Jetzt brach ihre Stimme; sie stand auf und schob ordnend wie eine zärtlich stolze Mutter an den schweren, schwarzblauen Flechten, die zu beiden Seiten der leise verathmenden Brust niederhingen.

„Ja, die Haare, die hat er manchmal auf der Hand gewogen und geküßt,“ seufzte sie auf – sie blieb am Bett stehen. „Er mag wohl auch gedacht haben wie ich, daß sie schwerer seien, als das ganze kleine Mädchen selbst. Perlen und Rubinsteine und Goldstücke sind nur immer so drüber hingestreut gewesen; das Alles hab’ ich dem Herrn Hofmarschall herausgeben müssen. … Sie hatte eine feine Kammerjungfer, die der Herr Baron aus Paris oder Gott weiß woher mitgebracht hatte; die mußte sie bedienen, und mit der war sie so gut wie ein Engel – die gelbhäutige Hexe hat’s ihr schlecht genug vergolten. … Der gnädige Herr ist einmal früh umgefallen und für ein paar Stunden so gut wie todt gewesen, und nachher beim Aufwachen, da hat es sich gezeigt, daß die Dunkelheit in seinem Kopfe – sie sagen, die Melancholie – die schon vorher angefangen hatte, vollends ausgebrochen ist. Von dem Augenblicke an waren der Herr Hofmarschall und der Caplan, der jetzige Herr Hofprediger, die Herren im Schönwerther Schlosse.

Ich hab’ Ihnen ja schon einmal erzählt, daß die ganze Schloßgesellschaft zu den zwei – Spitzbuben gehalten hat – nichts für ungut, gnädige Frau – und die Schlimmste ist die noble Kammerjungfer gewesen. Sie hat die schändliche Geschichte, daß die arme Frau den schönen Reitknecht Joseph lieb habe, ausgeheckt und dem kranken Herrn weisgemacht. Dafür hat sie auch ein paar tausend Thaler mitgenommen, wie sie nach Hause gereist ist. … Nun bin ich ’nübergegangen in’s indische Haus – heimlich, denn mein Mann durfte es ja nicht wissen.
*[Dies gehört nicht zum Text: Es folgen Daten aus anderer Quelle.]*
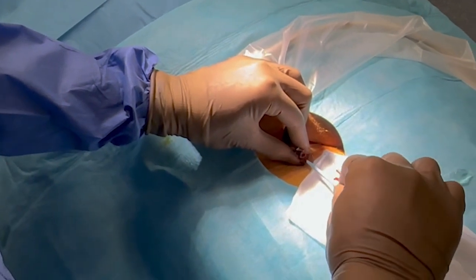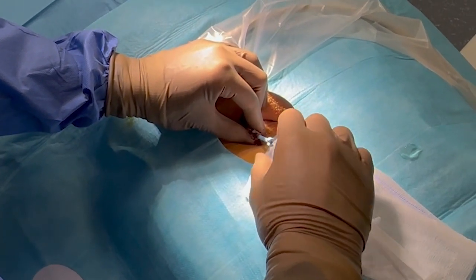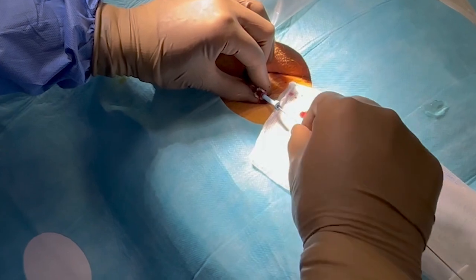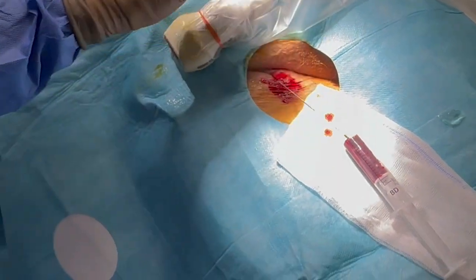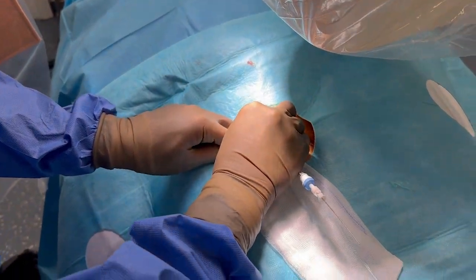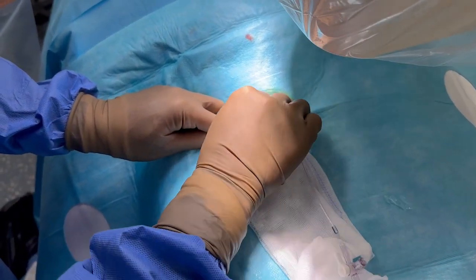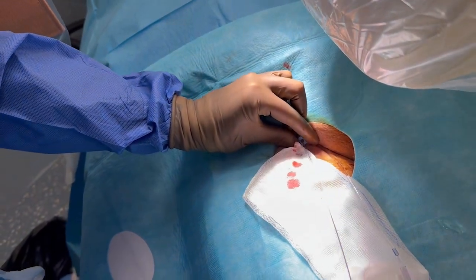The guide wire introducer tool may assist in advancing the guide wire into the needle. Be careful when advancing the guide wire — there should be limited to no friction during introduction. A dilator and introducer may now be advanced over the guide wire. In case of doubt, check with echography whether the guide is within the femoral vein.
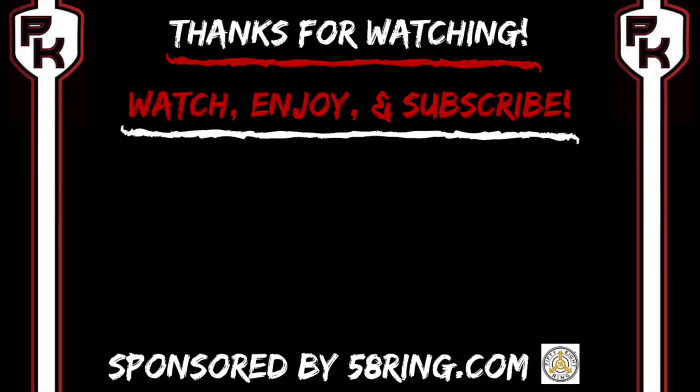Only answer one or two questions. I would like to thank the sponsor 58Ring.com. If you would like to support the show, click the link below in the description box. Find yourself something nice, or go to 58Ring.com and enter the code DEALWE9. It helps support the channel and helps support a small business.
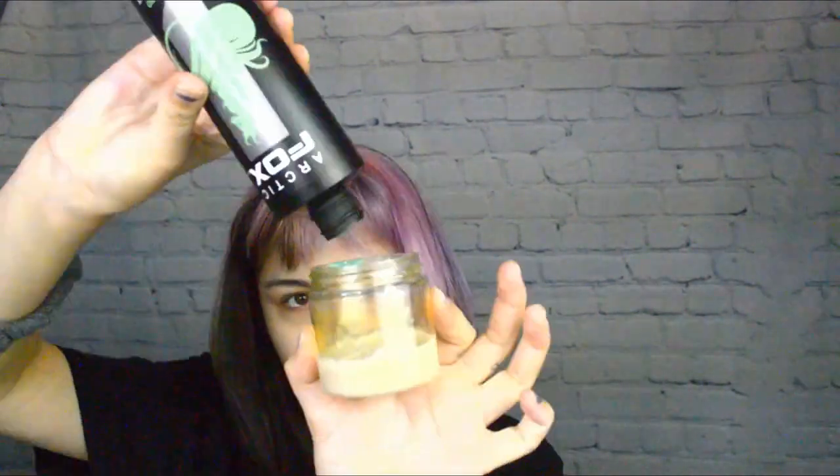Hi everyone, this is Kylie. Today I'm filming a video on how to change your color without removing the previous color.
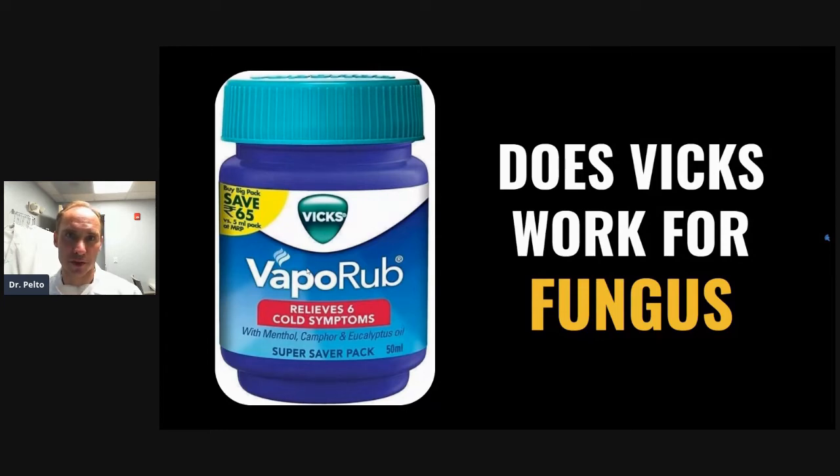If you have any concerns — I know that everyone has these liver concerns and things like that — I put some resources and information on my blog, which is drpelto.com/fungus. You can learn more there about nail fungus treatment. There are a lot of different options for you, and there are also laser treatments. Some of the topicals exist too, but I just don't find that the topicals work all that well.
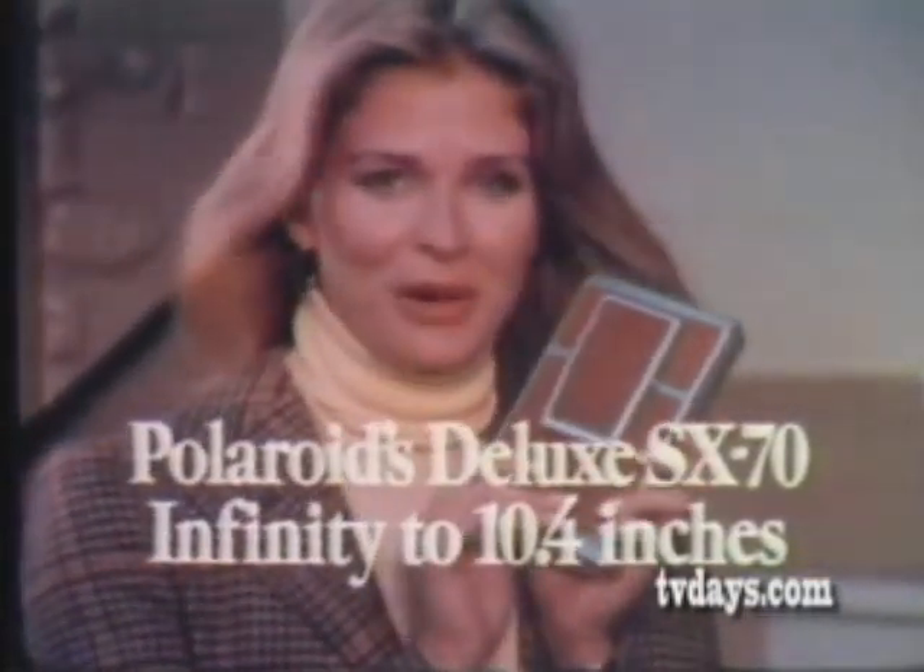The colors get really brilliant. Get yourself a deluxe SX-70 Land Camera — you'll see it's a different world up close.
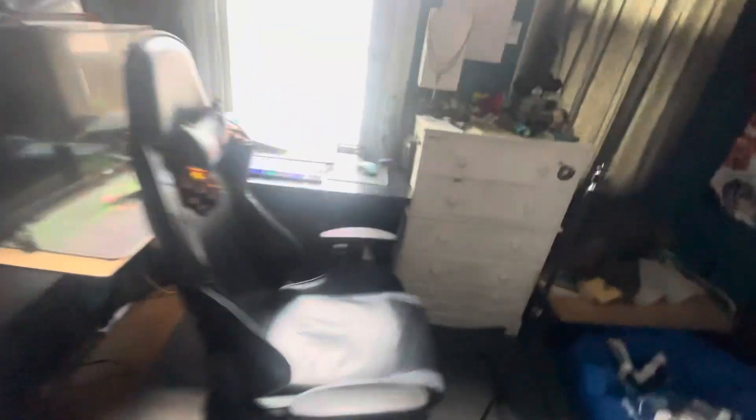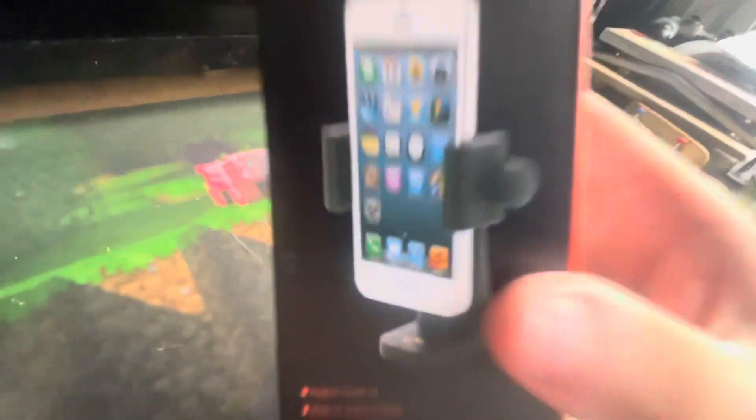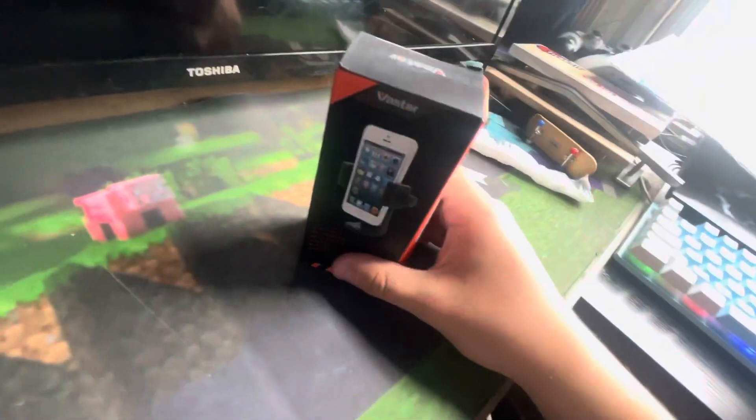It has a video thing, but the quality and the sound is not good. I have just the camera to put on it, because it just screws onto the top. It has the thing, and my phone goes in it, so we're gonna see how this thing does, you know?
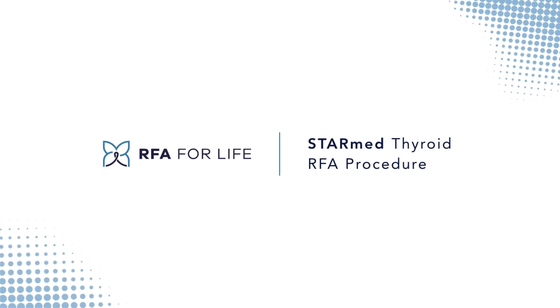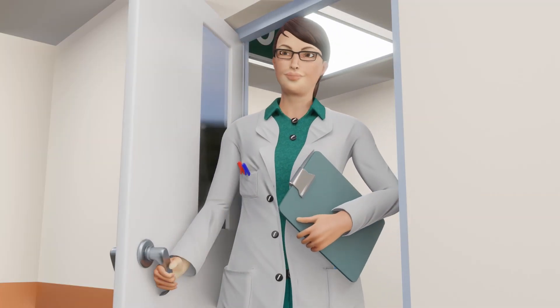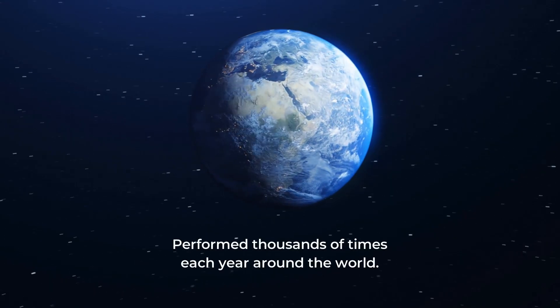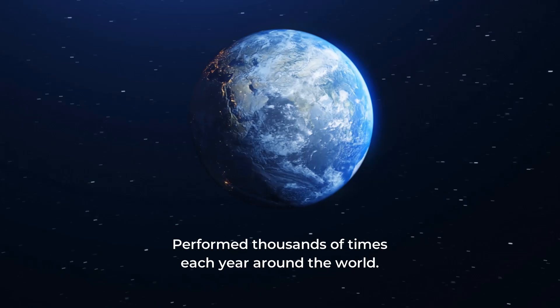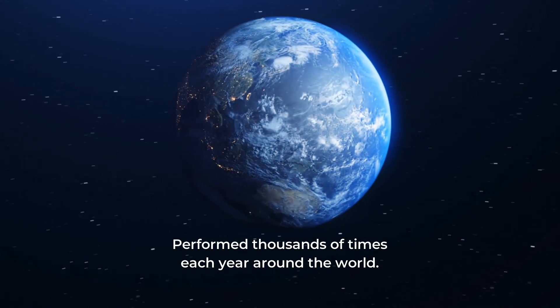This video has been designed to help you understand your StarMed Thyroid Radiofrequency Ablation RFA procedure. We will focus on what to expect on the day of your procedure. StarMed Thyroid RFA is a relatively common procedure performed thousands of times each year around the world.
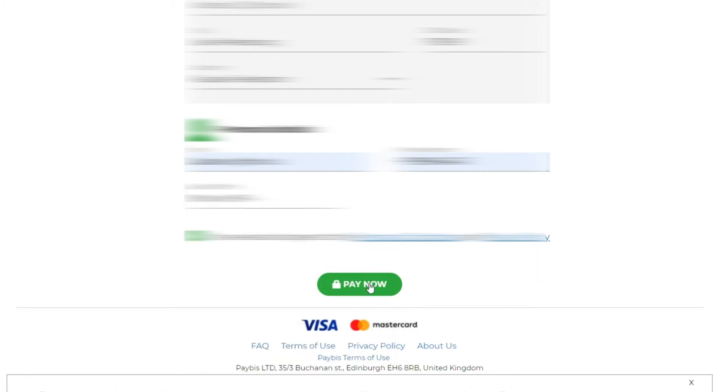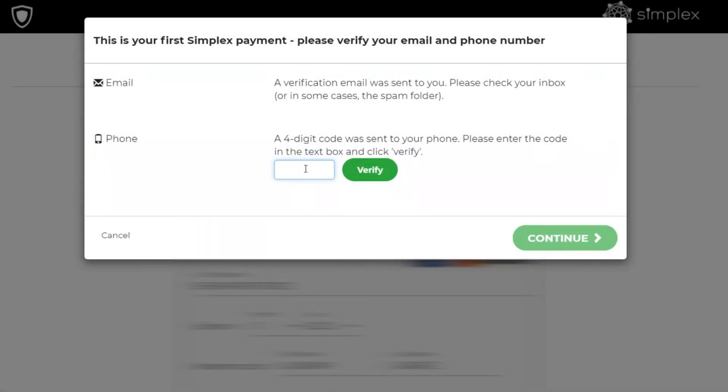When you are done, click pay now. You will need to verify your email and your phone to confirm that purchase.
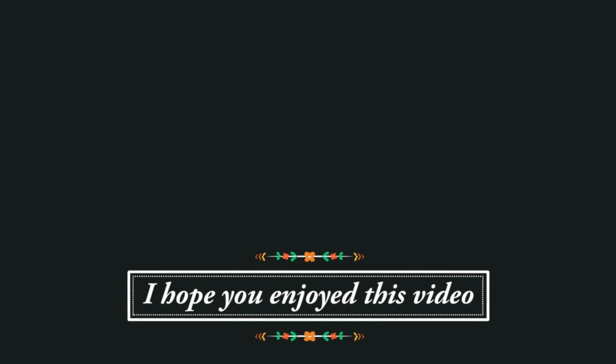Thank you so much for watching and I will see you in the next one. If you enjoyed this video, I would love to know — you can click the little thumbs up below.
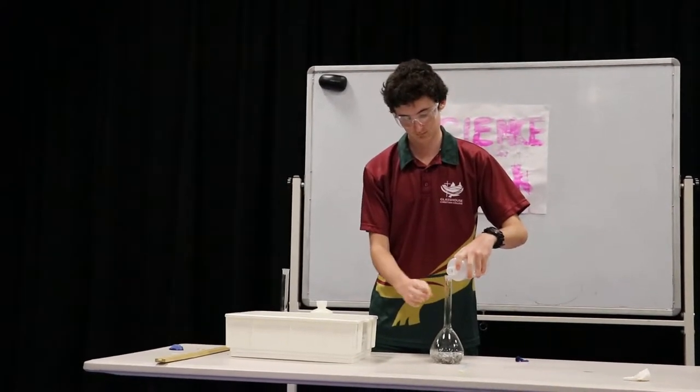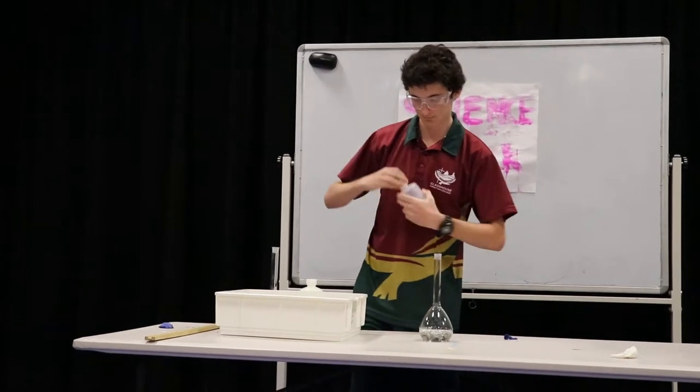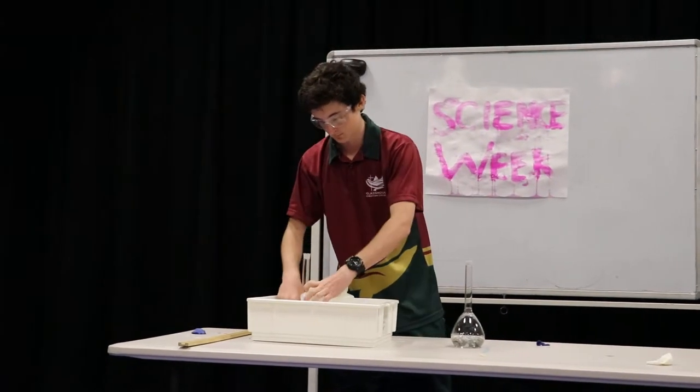So in this reaction, Jack's got a flask with some substance in there. I'm not going to tell you what it is, because you're probably trying to do this at home and blow up your house.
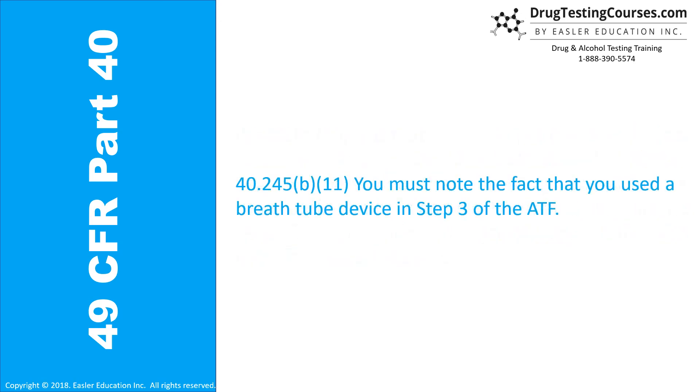40.245(b)(11): You must note the fact that you used a breath tube device in Step 3 of the ATF.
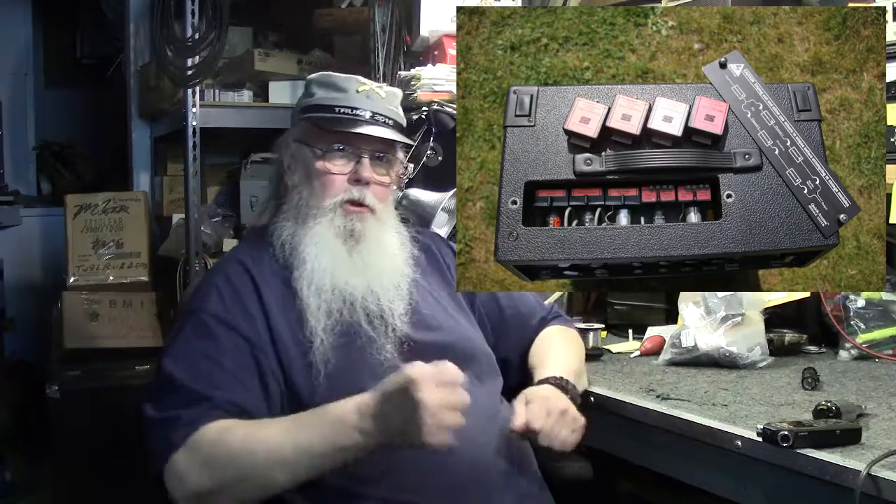The Seymour Duncan Convertible amp had variable cathode bias — a big 50-watt rheostat on the back that you could adjust up and down. Pretty cool, but huge. And anything adjustable can get dirty. That's the excuse Mesa Boogie uses for making you buy their tubes — they won't use a pot because pots can drift, get dirty, or go open. So they put in fixed resistors and you buy their tubes because they're picked for the right range. That's marketing.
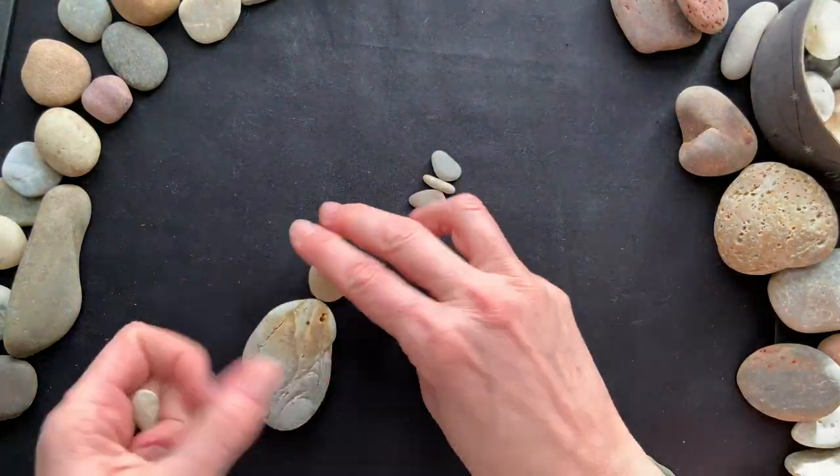Do you want to make puppies and dogs out of rocks and pebbles? It's really fun and super easy. I'm going to show you step-by-step instructions on how to do this. All you need are some rocks, and I'll tell you exactly what shapes to get, how to put them together, and what to look for when you go outside. So stay with me and I'll show you how to do this.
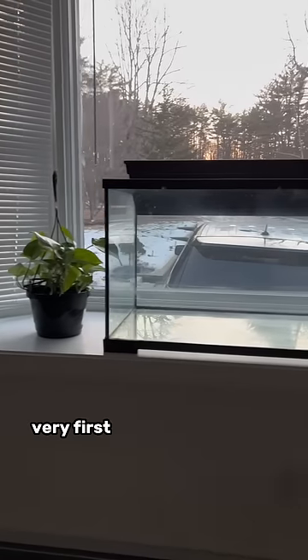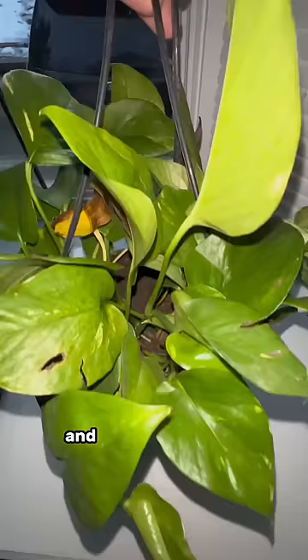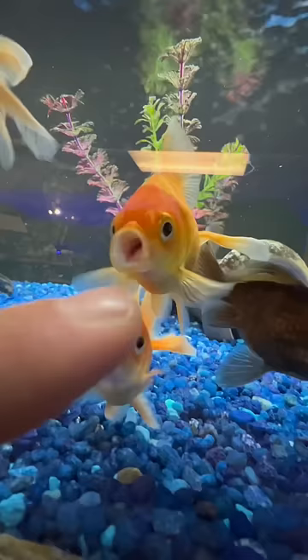I'm setting up my very first goldfish tank in my new home, and just like last time, I'm going to be growing pothos out of the top of the aquarium. I'm not sure what kind of goldfish I want to keep in here yet, so put some recommendations down in the comments of what goldfish you want to see me buy.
Sie kauerte dazumal hier auf dem Bette, verwildert und halb verhungert; aus Angst vor dem Hofmarschall wollte sie lieber nicht essen und im unordentlichen Bette schlafen, um nur die Riegel nicht wegzuschieben. … Ich weiß bis heute nicht, wie es gekommen ist, aber er hat nie gemerkt, daß sie an mir eine Stütze gehabt hat; vielleicht bin ich doch nicht so dumm, wie er immer sagt. … Sechs Monate lang hat sie wie eine Gefangene hier im Hause gesteckt. Das Jammern und Weinen vor Sehnsucht nach dem Manne, der nichts mehr von ihr wissen wollte, vergesse ich in meinem Leben nicht. … Nachher ist der Gabriel geboren worden, und von da an wurde ‚die harte, grobe, unbarmherzige Löhn‘ als Zuchtmeister im indischen Hause angestellt. … Manchmal bin ich auch bei dem kranken gnädigen Herrn gewesen, wenn mein Mann seine Schwindelanfälle hatte, da mußte ich bedienen, denn ich wußte, wie er’s gern hatte. … Wie oft habe ich da ihren Namen auf der Zunge gehabt, um ihn nur einmal an sie zu erinnern und ihm zu sagen, daß er einen Sohn habe, und daß Alles niederträchtige Lüge sei, was sie ihm weisgemacht hatten, aber es mußte tapfer wieder hinuntergeschluckt werden, denn wenn er auch noch so gut und gescheidt war, sobald seine schwarze Stunde kam, da beichtete er dem Caplan Alles, und da wäre ich ohne Gnade an die Luft gesetzt worden, und die Beiden im indischen Hause hätten gar Niemand mehr auf der Welt gehabt.“

Liane griff nach ihrer Hand und drückte sie innig; diese Frau hatte einen unglaublichen Fond von Liebe, Selbstverleugnung und zärtlicher List für die beiden Unglücklichen entwickelt, wie kaum eine Mutter für ihr eigen Fleisch und Blut. … Sie wurde ganz roth und schlug förmlich erschrocken die Augen nieder, als die schöne Hand sich so weich und lind um ihre groben Fingerknöchel legte.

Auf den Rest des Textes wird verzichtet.